8. The adjustment method of claim 7, wherein the adjustment method further comprises:

and adjusting the conditional phase of the two-qubit logic gate by using the acquired conditional phase difference.

9. The tuning method of claim 7, wherein the number of third qubits is a plurality;

the adjustment method further comprises the following steps:

respectively obtaining a conditional phase difference corresponding to each third quantum bit;

and adjusting the conditional phase of the qubit logic gate by using the acquired plurality of conditional phase differences.

10. The adjustment method of claim 9, wherein adjusting the conditional phase of the qubit logic gate using the obtained plurality of conditional phase differences comprises:

acquiring a sum of the plurality of conditional phase differences;

And adjusting the conditional phase of the qubit logic gate by using the sum value.
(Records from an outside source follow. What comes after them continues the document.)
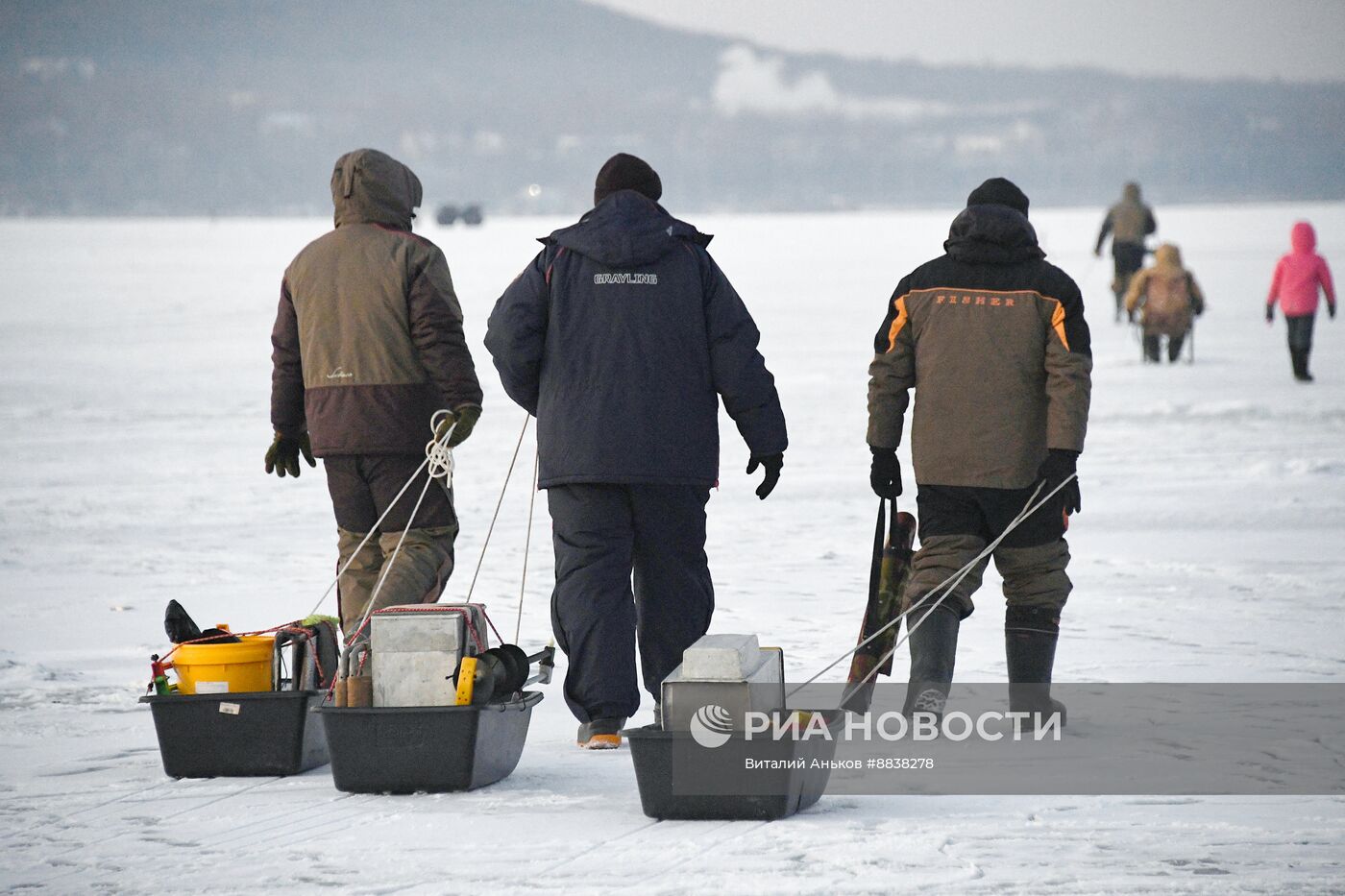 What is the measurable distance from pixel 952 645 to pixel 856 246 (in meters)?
43.7

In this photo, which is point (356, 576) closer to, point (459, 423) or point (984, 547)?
point (459, 423)

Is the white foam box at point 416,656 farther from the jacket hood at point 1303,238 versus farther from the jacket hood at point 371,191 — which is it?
the jacket hood at point 1303,238

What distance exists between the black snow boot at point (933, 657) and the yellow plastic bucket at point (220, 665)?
5.18ft

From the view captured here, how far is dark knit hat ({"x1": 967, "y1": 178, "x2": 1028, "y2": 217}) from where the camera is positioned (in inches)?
176

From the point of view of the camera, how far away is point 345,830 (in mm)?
3613

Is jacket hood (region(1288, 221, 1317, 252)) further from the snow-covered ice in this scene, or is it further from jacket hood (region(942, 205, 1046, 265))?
jacket hood (region(942, 205, 1046, 265))

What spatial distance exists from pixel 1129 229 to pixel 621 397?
1397cm

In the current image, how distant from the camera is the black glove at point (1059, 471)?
14.1ft

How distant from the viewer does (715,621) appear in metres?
5.96

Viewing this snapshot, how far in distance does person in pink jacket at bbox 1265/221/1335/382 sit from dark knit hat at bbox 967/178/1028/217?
9.41m

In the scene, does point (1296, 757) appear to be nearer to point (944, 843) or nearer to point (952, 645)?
point (952, 645)

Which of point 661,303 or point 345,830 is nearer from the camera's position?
point 345,830

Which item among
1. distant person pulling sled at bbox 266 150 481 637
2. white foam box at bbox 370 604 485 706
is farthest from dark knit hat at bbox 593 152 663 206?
white foam box at bbox 370 604 485 706

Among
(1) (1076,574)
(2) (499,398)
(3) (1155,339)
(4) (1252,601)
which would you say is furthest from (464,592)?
(3) (1155,339) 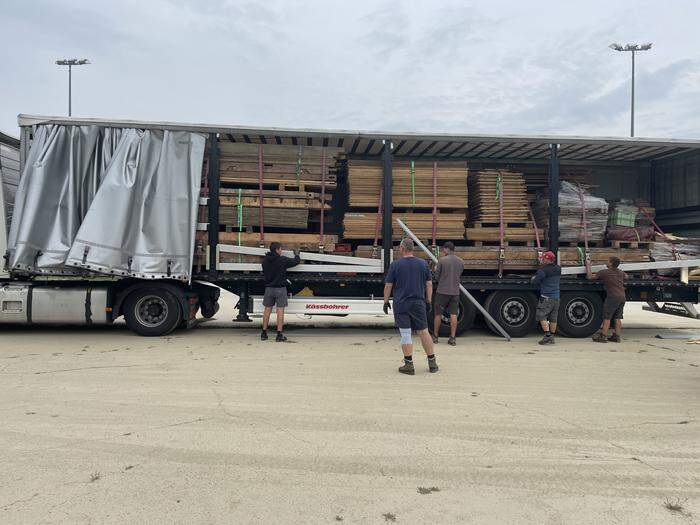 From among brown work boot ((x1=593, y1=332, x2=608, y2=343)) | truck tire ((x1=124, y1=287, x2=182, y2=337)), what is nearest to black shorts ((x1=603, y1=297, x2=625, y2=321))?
brown work boot ((x1=593, y1=332, x2=608, y2=343))

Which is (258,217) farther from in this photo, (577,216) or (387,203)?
(577,216)

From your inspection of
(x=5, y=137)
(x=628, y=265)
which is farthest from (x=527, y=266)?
(x=5, y=137)

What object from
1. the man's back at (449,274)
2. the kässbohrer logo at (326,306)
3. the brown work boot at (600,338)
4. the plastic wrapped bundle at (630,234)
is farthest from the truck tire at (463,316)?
the plastic wrapped bundle at (630,234)

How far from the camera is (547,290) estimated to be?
27.2ft

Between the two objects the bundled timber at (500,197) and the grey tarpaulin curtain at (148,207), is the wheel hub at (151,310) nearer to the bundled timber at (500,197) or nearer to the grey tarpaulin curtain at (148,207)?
the grey tarpaulin curtain at (148,207)

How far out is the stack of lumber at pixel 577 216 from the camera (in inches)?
349

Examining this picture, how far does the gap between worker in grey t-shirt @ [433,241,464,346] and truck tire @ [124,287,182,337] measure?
4.40m

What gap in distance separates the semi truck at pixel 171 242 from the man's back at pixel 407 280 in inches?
94.7

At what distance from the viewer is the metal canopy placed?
8.17 m

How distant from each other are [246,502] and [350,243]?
6236 mm

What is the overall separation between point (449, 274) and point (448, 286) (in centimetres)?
20

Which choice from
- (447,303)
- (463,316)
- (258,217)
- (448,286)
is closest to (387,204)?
(448,286)

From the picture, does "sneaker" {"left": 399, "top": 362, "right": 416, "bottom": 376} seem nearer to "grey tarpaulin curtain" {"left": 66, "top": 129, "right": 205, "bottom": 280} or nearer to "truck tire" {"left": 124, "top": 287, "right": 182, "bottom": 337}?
"grey tarpaulin curtain" {"left": 66, "top": 129, "right": 205, "bottom": 280}

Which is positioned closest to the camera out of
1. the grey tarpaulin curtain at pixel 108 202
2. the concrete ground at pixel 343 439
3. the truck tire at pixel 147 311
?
the concrete ground at pixel 343 439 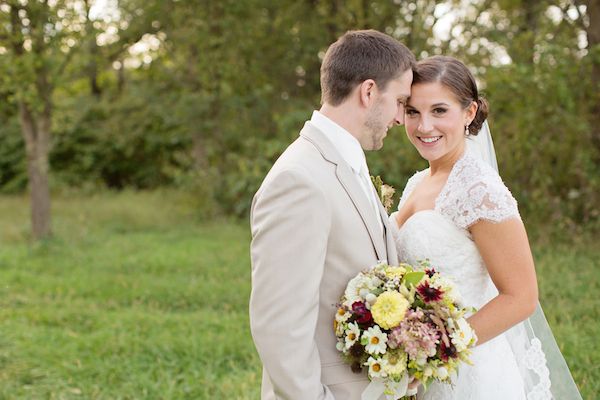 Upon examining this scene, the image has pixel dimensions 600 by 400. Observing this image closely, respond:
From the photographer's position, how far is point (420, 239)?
113 inches

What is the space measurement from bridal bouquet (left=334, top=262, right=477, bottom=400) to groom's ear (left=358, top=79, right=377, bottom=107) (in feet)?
1.92

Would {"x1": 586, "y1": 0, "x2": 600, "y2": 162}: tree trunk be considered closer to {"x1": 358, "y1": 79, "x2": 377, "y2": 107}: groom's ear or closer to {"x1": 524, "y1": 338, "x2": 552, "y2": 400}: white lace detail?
{"x1": 524, "y1": 338, "x2": 552, "y2": 400}: white lace detail

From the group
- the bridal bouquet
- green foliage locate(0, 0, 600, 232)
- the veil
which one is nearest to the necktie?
the bridal bouquet

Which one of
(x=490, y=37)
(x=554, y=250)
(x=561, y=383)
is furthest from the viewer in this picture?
(x=490, y=37)

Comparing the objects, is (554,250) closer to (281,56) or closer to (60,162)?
(281,56)

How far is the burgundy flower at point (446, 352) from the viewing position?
7.28 ft

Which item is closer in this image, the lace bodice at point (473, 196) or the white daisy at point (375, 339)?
the white daisy at point (375, 339)

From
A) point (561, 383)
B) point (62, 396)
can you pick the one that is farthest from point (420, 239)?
point (62, 396)

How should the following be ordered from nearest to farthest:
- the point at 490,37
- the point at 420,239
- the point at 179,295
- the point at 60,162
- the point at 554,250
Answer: the point at 420,239 → the point at 179,295 → the point at 554,250 → the point at 490,37 → the point at 60,162

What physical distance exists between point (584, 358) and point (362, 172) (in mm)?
3096

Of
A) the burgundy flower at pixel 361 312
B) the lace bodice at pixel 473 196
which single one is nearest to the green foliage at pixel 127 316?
the lace bodice at pixel 473 196

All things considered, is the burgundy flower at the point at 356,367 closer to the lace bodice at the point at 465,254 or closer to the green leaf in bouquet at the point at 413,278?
the green leaf in bouquet at the point at 413,278

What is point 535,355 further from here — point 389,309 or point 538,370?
point 389,309

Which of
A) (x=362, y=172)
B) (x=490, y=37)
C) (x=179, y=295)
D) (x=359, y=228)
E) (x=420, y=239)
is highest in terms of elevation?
(x=490, y=37) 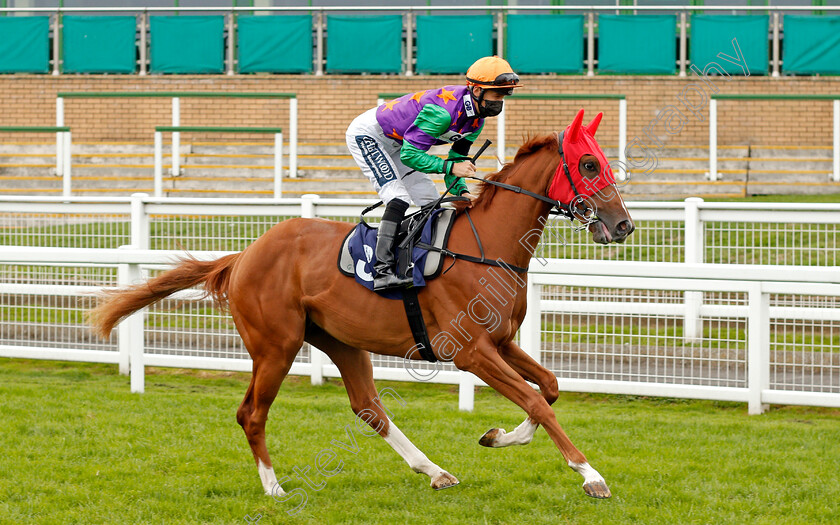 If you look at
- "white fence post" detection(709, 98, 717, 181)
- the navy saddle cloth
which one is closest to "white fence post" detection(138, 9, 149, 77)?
"white fence post" detection(709, 98, 717, 181)

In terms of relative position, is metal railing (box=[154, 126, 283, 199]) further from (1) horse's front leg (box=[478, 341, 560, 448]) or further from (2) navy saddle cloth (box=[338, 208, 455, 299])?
(1) horse's front leg (box=[478, 341, 560, 448])

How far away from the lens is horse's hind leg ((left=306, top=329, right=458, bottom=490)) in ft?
14.7

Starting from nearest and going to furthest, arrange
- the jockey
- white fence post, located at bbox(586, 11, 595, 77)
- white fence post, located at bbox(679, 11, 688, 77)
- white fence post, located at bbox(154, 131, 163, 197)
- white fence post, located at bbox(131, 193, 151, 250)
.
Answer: the jockey < white fence post, located at bbox(131, 193, 151, 250) < white fence post, located at bbox(154, 131, 163, 197) < white fence post, located at bbox(679, 11, 688, 77) < white fence post, located at bbox(586, 11, 595, 77)

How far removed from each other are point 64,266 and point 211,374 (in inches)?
54.2

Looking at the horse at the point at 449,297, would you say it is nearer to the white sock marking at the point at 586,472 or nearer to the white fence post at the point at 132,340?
the white sock marking at the point at 586,472

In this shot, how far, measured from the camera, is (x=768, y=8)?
47.5 ft

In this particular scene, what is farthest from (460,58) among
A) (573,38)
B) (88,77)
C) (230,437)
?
(230,437)

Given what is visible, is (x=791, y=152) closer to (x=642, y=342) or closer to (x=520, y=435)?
(x=642, y=342)

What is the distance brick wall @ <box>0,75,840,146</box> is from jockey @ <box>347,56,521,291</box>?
30.5ft

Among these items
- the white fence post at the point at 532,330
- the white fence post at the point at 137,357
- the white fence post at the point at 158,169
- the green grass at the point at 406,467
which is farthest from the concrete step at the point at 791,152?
the white fence post at the point at 137,357

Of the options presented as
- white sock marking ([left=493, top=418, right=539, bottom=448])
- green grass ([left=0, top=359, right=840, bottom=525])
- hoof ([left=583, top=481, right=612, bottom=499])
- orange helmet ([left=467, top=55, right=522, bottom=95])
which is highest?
orange helmet ([left=467, top=55, right=522, bottom=95])

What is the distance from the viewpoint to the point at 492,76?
4.14 metres

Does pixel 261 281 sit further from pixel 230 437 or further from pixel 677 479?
pixel 677 479

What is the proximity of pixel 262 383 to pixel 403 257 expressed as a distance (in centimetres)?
96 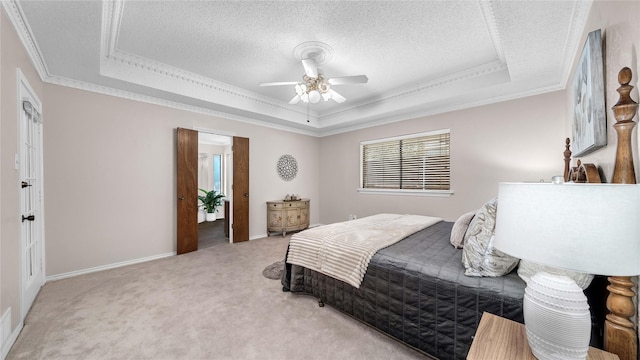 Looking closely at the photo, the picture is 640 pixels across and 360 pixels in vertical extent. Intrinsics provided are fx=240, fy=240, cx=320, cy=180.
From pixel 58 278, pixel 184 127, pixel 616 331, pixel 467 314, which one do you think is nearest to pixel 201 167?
pixel 184 127

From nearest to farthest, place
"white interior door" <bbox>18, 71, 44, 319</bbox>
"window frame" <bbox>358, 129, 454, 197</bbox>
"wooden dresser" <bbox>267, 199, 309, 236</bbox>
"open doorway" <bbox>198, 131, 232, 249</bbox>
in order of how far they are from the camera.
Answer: "white interior door" <bbox>18, 71, 44, 319</bbox>, "window frame" <bbox>358, 129, 454, 197</bbox>, "wooden dresser" <bbox>267, 199, 309, 236</bbox>, "open doorway" <bbox>198, 131, 232, 249</bbox>

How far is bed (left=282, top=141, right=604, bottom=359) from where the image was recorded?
1319 mm

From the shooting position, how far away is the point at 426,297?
1543mm

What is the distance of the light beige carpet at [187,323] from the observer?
166 cm

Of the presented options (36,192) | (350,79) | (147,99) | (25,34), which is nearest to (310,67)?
(350,79)

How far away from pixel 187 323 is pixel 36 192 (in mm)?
2308

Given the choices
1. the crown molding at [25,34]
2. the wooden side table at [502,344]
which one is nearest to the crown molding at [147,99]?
the crown molding at [25,34]

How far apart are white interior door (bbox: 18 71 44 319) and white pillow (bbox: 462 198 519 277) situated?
3464 mm

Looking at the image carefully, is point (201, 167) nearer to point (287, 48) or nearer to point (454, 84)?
point (287, 48)

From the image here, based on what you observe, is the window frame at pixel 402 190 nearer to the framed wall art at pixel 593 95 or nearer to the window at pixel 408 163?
the window at pixel 408 163

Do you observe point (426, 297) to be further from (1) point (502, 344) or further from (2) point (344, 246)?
(2) point (344, 246)

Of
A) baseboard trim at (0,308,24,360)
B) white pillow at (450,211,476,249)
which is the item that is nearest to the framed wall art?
white pillow at (450,211,476,249)

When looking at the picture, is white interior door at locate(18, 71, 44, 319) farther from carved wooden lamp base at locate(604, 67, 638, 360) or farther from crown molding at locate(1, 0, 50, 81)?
carved wooden lamp base at locate(604, 67, 638, 360)

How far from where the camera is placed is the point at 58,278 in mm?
2832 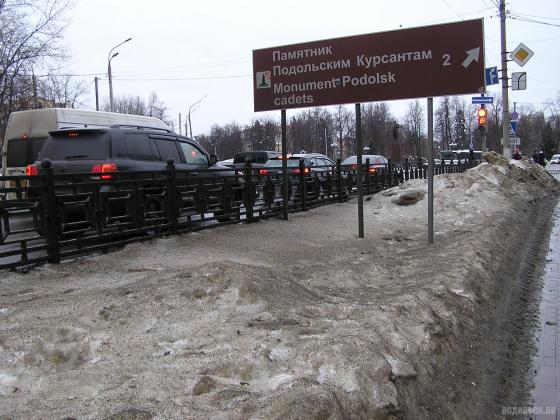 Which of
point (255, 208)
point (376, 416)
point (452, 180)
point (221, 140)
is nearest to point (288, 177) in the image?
point (255, 208)

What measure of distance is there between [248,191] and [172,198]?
2384 mm

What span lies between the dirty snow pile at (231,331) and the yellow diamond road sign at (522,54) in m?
17.3

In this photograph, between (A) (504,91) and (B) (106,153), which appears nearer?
(B) (106,153)

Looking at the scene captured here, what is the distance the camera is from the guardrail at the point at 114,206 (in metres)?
6.13

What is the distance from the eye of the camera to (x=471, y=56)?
848cm

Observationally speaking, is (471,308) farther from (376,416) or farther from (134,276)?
(134,276)

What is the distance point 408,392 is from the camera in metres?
3.58

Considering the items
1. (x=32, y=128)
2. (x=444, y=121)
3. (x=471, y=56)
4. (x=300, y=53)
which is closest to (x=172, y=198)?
(x=300, y=53)

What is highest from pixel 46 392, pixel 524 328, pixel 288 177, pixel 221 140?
pixel 221 140

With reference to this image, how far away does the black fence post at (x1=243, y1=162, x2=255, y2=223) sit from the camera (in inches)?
406

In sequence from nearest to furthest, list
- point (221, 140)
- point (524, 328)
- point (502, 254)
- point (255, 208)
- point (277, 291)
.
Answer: point (277, 291) → point (524, 328) → point (502, 254) → point (255, 208) → point (221, 140)

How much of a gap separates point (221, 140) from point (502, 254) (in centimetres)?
9255

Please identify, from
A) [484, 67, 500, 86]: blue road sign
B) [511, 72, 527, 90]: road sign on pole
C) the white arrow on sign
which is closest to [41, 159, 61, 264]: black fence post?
the white arrow on sign

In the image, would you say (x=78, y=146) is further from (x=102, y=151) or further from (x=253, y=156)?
(x=253, y=156)
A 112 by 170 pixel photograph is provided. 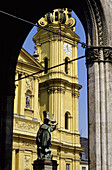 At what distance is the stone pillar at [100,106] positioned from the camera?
426 inches

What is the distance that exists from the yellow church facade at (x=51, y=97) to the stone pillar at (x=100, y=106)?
107ft

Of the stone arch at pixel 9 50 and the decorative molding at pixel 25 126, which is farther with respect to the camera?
the decorative molding at pixel 25 126

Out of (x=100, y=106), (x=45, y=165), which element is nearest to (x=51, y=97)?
(x=45, y=165)

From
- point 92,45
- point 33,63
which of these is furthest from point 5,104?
point 33,63

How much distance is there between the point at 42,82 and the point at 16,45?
40.7m

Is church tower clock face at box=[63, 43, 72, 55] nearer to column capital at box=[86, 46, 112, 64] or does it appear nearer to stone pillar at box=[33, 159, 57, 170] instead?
stone pillar at box=[33, 159, 57, 170]

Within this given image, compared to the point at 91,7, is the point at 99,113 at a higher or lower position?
lower

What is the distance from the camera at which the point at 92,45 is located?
37.9 feet

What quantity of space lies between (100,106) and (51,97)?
4246 cm

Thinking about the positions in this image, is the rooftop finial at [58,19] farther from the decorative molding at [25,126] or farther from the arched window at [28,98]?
the decorative molding at [25,126]

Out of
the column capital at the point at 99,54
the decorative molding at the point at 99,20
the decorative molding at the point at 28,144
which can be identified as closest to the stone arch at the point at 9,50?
the decorative molding at the point at 99,20

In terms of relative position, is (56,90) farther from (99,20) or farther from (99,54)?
(99,54)

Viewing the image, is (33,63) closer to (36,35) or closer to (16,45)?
(36,35)

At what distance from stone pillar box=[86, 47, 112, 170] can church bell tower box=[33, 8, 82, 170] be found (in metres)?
38.6
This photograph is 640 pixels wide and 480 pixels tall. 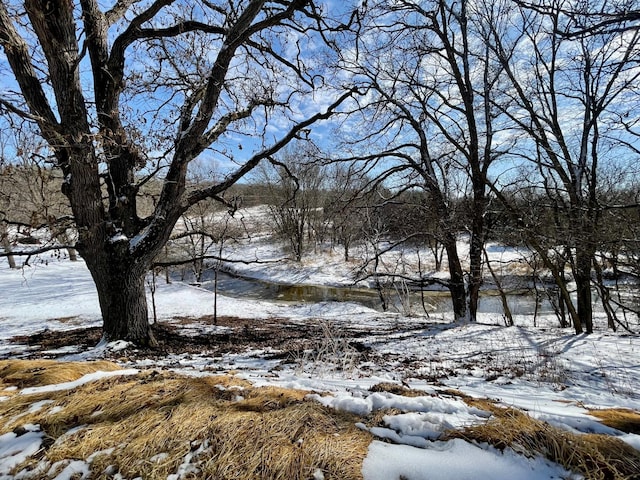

11. An apparatus for adjusting a two-qubit logic gate, comprising:

an experiment execution unit configured to execute a two-qubit logic gate on a first qubit and a second qubit, and execute a two-time Ramsey experiment on the second qubit, in which the first qubit is in a first selected eigenstate and a second selected eigenstate, respectively, wherein the first qubit and the second qubit are two qubits directly coupled in a quantum chip;

A conditional phase acquisition unit configured to acquire a first test value of a conditional phase of the two-qubit logic gate based on a result of two Ramsey experiments;

and the adjusting unit is configured to judge whether the parameters of the two-quantum bit logic gate are adjusted based on whether the first test value meets a preset condition.

12. A quantum control system, characterized in that the two-qubit logic gate is adjusted by means of the adjustment method of the two-qubit logic gate according to any one of claims 1-10, or the adjustment device of the two-qubit logic gate according to claim 11 is included.

13. A quantum computer comprising the quantum control system of claim 12.

14. A readable storage medium having stored thereon a computer program, which when executed by a processor is capable of implementing the method of adjusting a two-qubit logic gate according to any one of claims 1 to 10.